- EXERCISE INSTRUCTIONS
Retype exactly the span of lines below from the one with "Canvas Shoulder Bag - Large Capacity Women's" through the one with "Aliness Vitamin C". Do not include pictures.

- SUPPLIED RECORDS
BEGIN

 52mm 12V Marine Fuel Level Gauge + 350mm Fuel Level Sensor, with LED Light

END
BEGIN

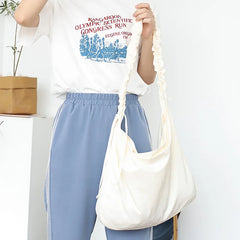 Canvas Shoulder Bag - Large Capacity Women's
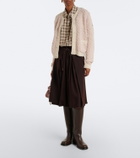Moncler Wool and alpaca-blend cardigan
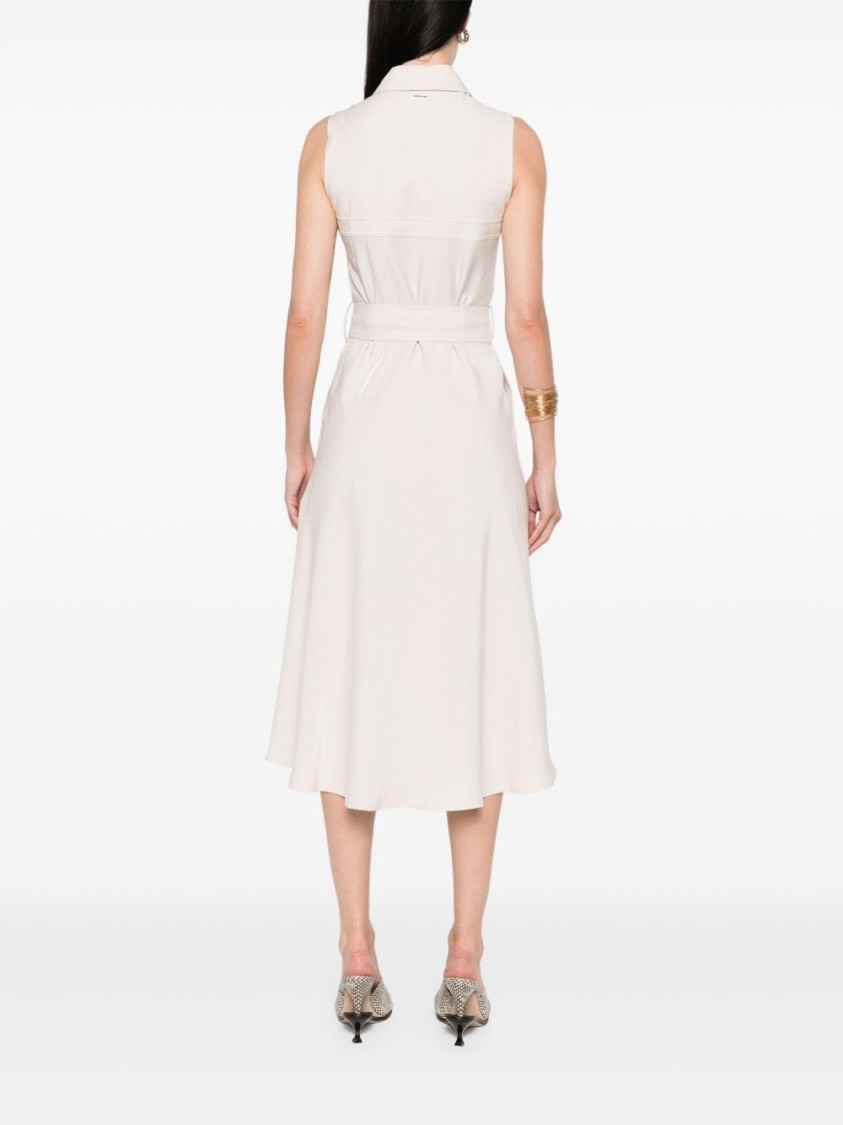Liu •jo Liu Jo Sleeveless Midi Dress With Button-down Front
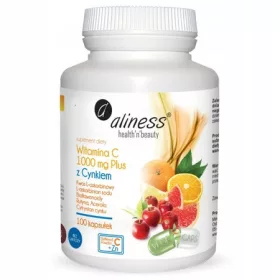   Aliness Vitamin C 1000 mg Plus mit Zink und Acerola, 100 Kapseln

END

- SOLUTION
 Canvas Shoulder Bag - Large Capacity Women's
Moncler Wool and alpaca-blend cardigan
Liu •jo Liu Jo Sleeveless Midi Dress With Button-down Front
   Aliness Vitamin C 1000 mg Plus mit Zink und Acerola, 100 Kapseln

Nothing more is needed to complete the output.